J'insistai tout particulièrement sur ce point, vous déclarant que j'étais simplement délégué vers vous par la compagnie propriétaire, dans le but de conciliation, et chargé, en enfant soumis de l'Eglise - ce fut mon expression - de prier Votre Grandeur d'indiquer ce qu'elle trouvait de répréhensible dans le journal, afin de savoir s'il était possible d'en arriver à une entente et d'éviter un plus long conflit.

Vos paroles prêtent à la supposition - et c'est, je n'en doute pas, involontaire de votre part - que je me suis présenté à vous, dans cette circonstance, non pas en simple délégué, mais en partie intéressée.

A quelqu'un qui lui en faisait la remarque, un de vos prêtres aurait même dit: "Qu'avait-il à se charger de cette mission, s'il n'était pas intéressé?"

Je me suis chargé de cette mission, Monseigneur, et l'on m'en a chargé pour deux raisons: d'abord parce que j'avais déjà servi d'ambassadeur auprès du Canada-Revue, dans les intérêts de votre archevêché, comme vous devez le savoir, (ce dont, entre parenthèses, jai été noblement remercié par votre Semaine Religieuse.)

Ensuite, l'exception spontanément faire en ma faveur, dans votre censure, relativement à ma collaboration littéraire au journal incriminé, me désignait tout naturellement comme trait d'union, ou tout au moins comme interprète, entre vous et ceux que vous aviez frappés à côté de moi.

C'est pour cela, Monseigneur, et non par aucun sentiment d'hostilité envers Votre Grandeur, que j'ai accepté de représenter auprès d'elle des hommes qu'un seul mot d'indulgence et de conciliation - je le croyais et je le crois encore - pouvait amener à vos pieds.

J'ai voulu faire du bien; mais, vous le savez comme moi, Monseigneur, on n'y parvient pas toujours, surtout quand on est contrecarré par certains hommes qui, bien que ministres d'un Dieu de paix, ne rêvent que plaies et bosses, bûchers, bataille, et extermination.

Voilà les vrais ennemis du clergé, Monseigneur: M. l'abbé Lacasse n'avait pas besoin de courir si loin pour en découvrir le camp.

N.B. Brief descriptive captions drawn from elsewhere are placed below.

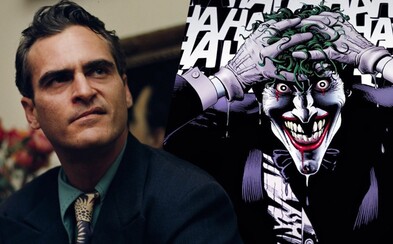 Joaquin Phoenix považuje Jokerovu sólovku za unikátní a jedinečný film. Přiznal také, že ho scénář pořádně vyděsil Joaquin Phoenix považuje Jokerovu sólovku za unikátní a jedinečný film. Přiznal také, že ho scénář pořádně vyděsil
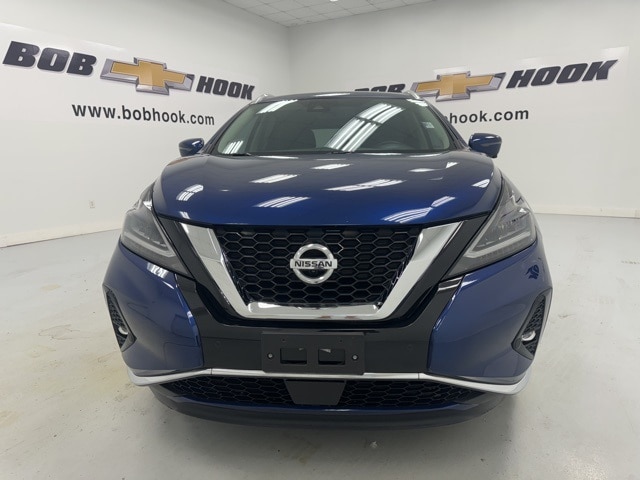 Used 2022 Nissan Murano SL with VIN 5N1AZ2CJ0NC113281 for sale in Louisville, KY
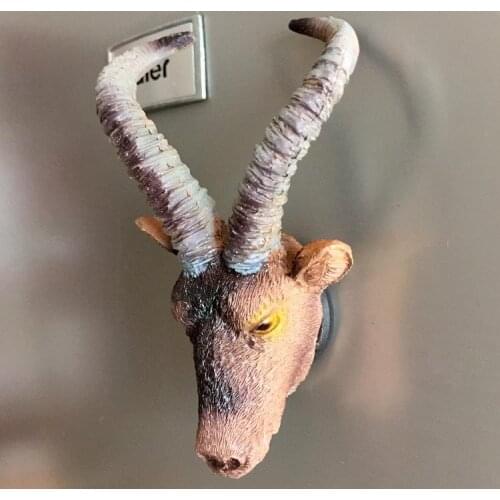Kruger National Park special animal three-dimensional magnetic refrigerator magnets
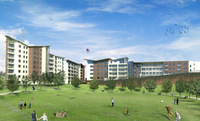 Wolverton development steams ahead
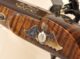 Pistolet Pedersoli Le Page Target Luxe à silex - Vue 2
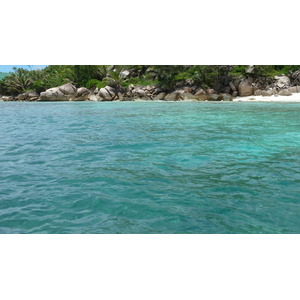 รูปถ่าย เซเชลส์(Seychelles) เกาะกร็องด์เซอร์(Grande Soeur) 2011-10 92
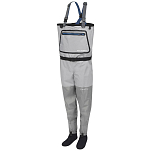 Kinetic H131-086-LK DryGaiter II St. Foot подходить Серый Grey Hawk LK 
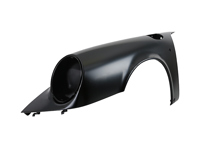 Parafango anteriore, primerizzato. Porsche 964 Carrera RS 1991-93 - 96450303, 96450303104GRV, 96450303204GRV, 96450303104, 96450303204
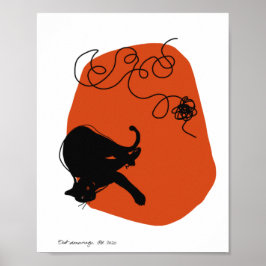 C’est Dommage (Was für eine Schande) Poster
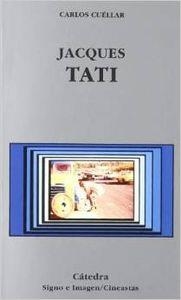 JACQUES TATI | 9788437617732 | CARLOS CUÉLLAR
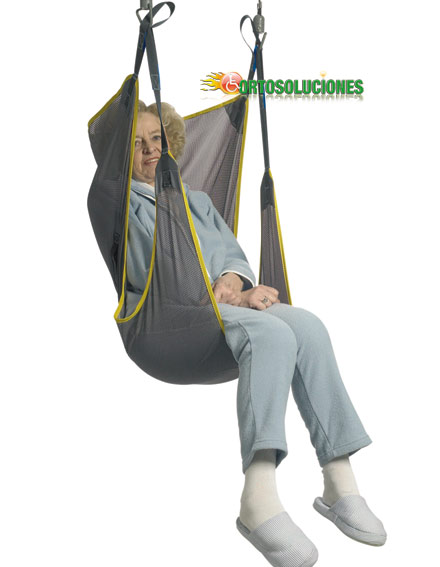 arnes para gura confort invacare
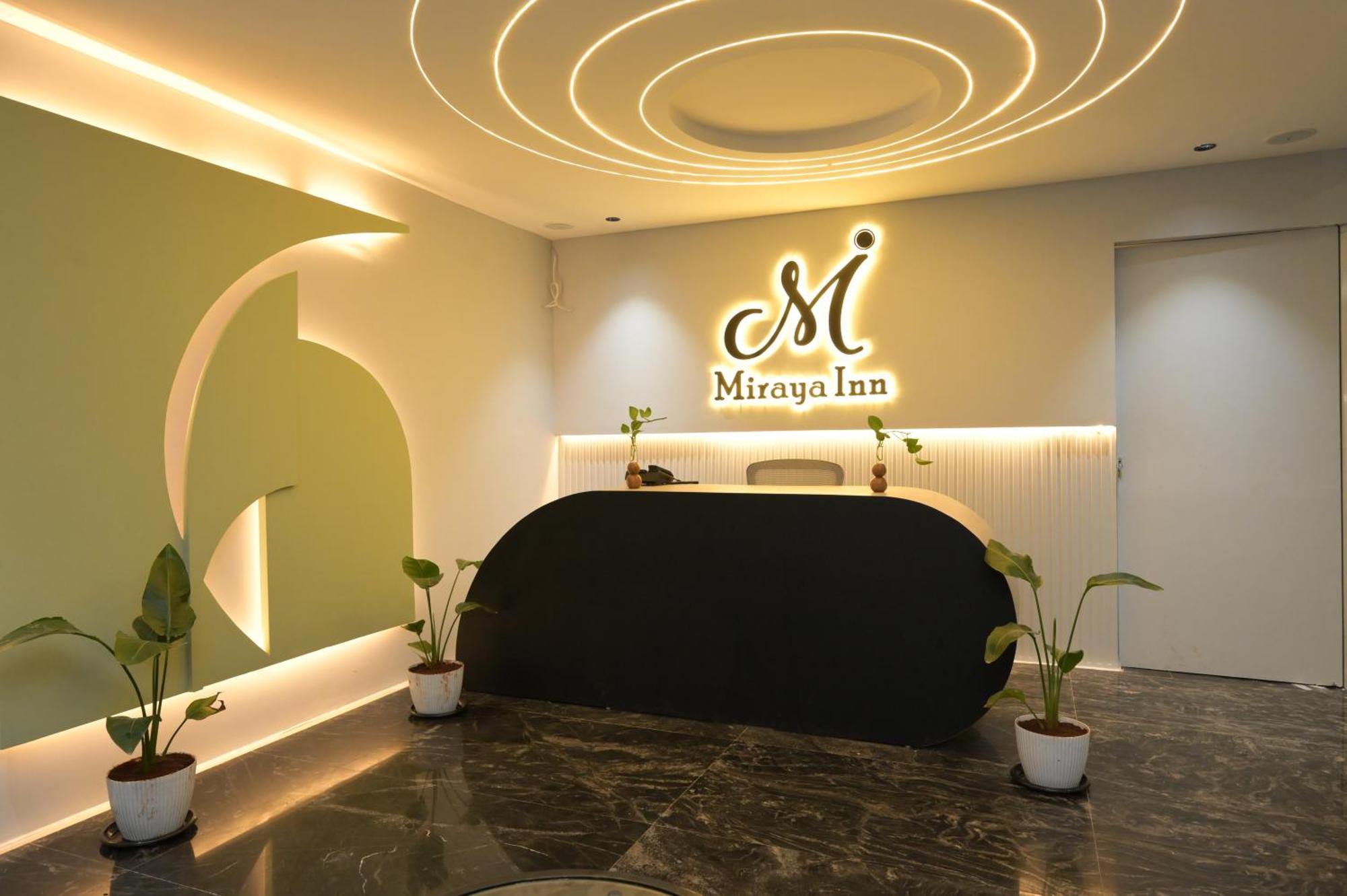 Hotel Miraya Inn - A Boutique Stay Pune Eksteriør bilde
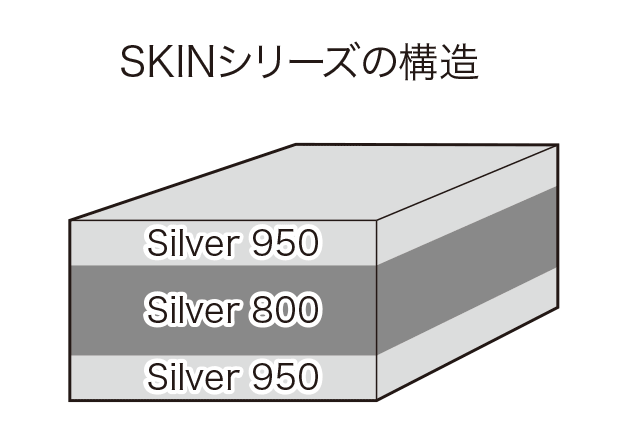 SKINの構造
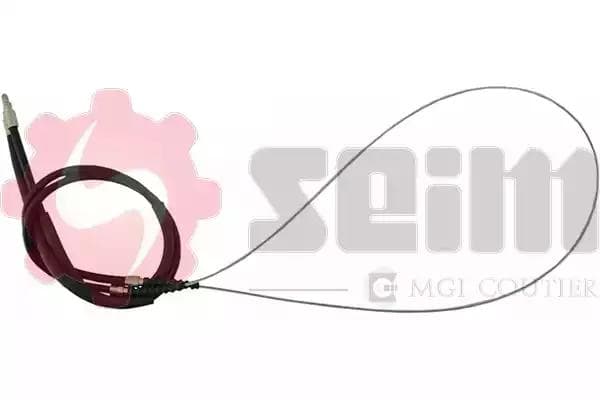 103990 SEIM Трос ручного гальма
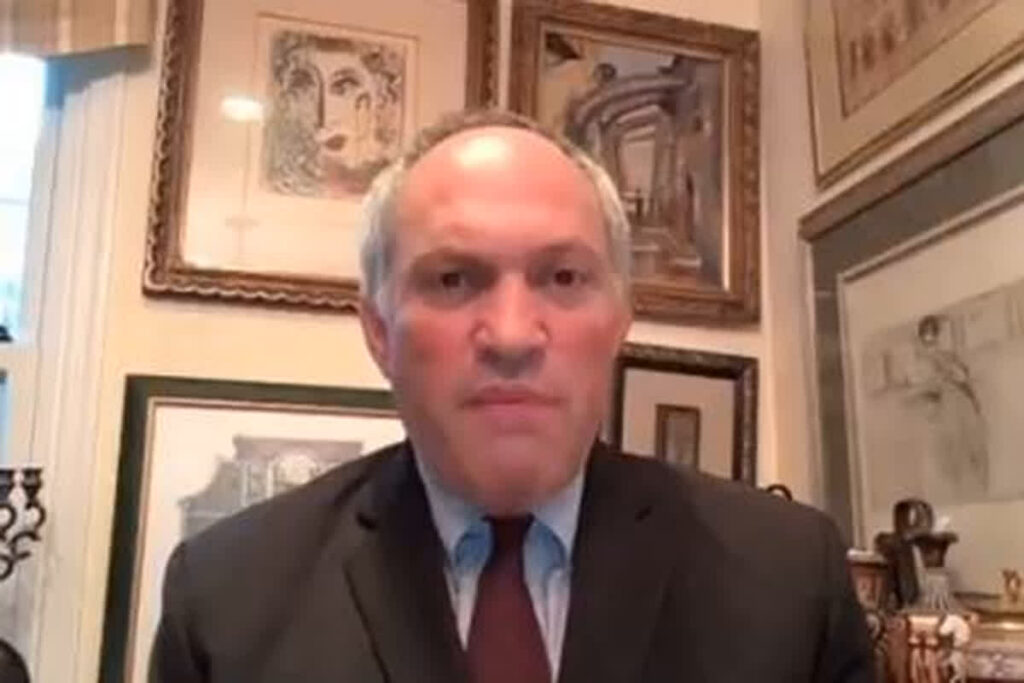 Michael Rubin on Operation Sindoor: 'पाकिस्तान ने आतंकवाद को समर्थन देकर जंग की शुरुआत की... / Image Source: ANI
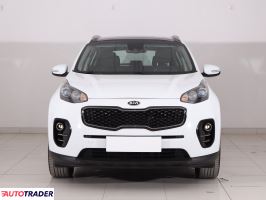 Kia Sportage 2016 1.7 113 KM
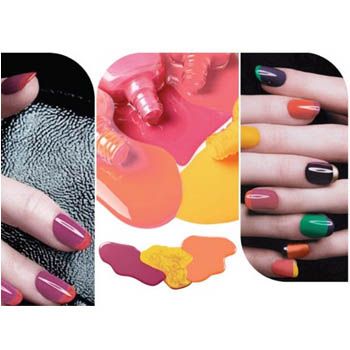 Summer Color Trend 2012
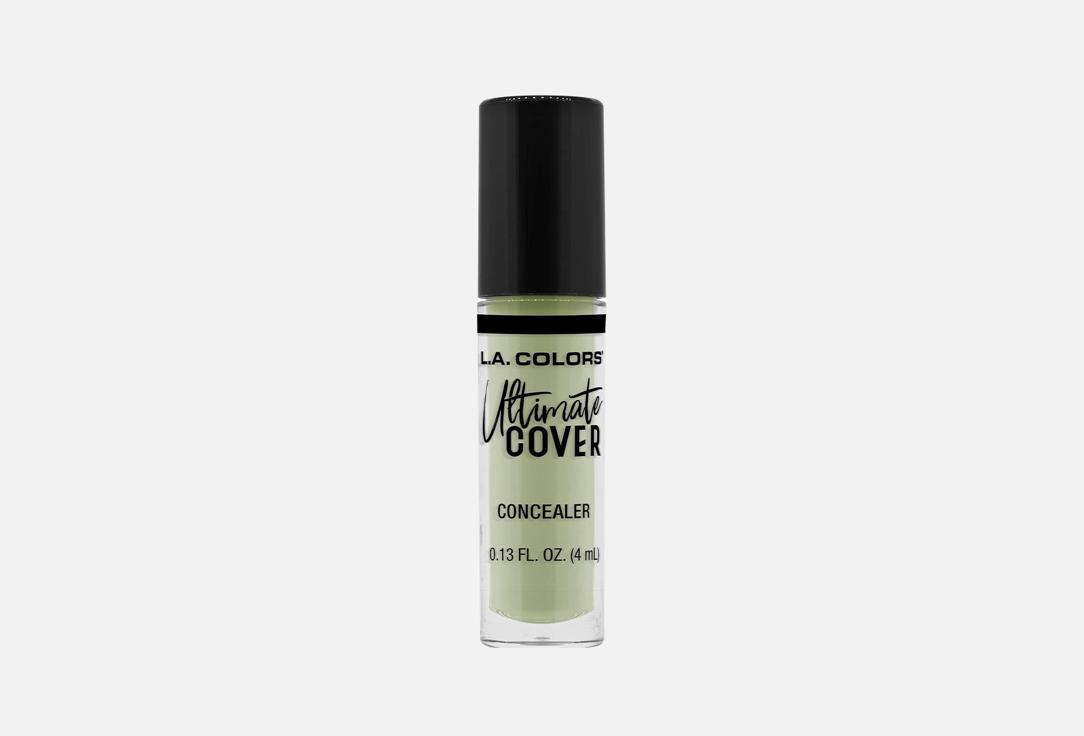 L.A. COLORS Ultimate Cover Concealer Sheer Green Corrector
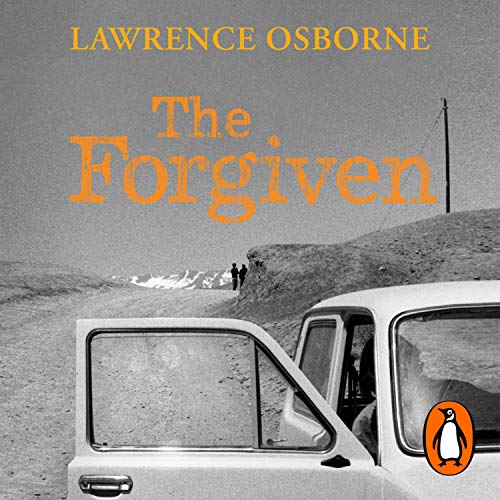 Cover of The Forgiven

Quelqu'un disait - et l'un de vos chanoines me le répétait, il n'y a pas très longtemps: - Une des preuves que la religion est divine, c'est qu'elle subsiste, malgré les efforts que tant de prêtres font pour la rendre odieuse.

Il avait peut-être raison.

Je termine cette longue lettre, Monseigneur, en vous demandant pardon pour mon franc-parler, et en vous réitérant l'assurance du dévouement et de la sincérité avec lesquels

j'ai l'honneur d'être, De Votre Grandeur, Le très humble et très obéissant Serviteur, LOUIS FRÉCHETTE.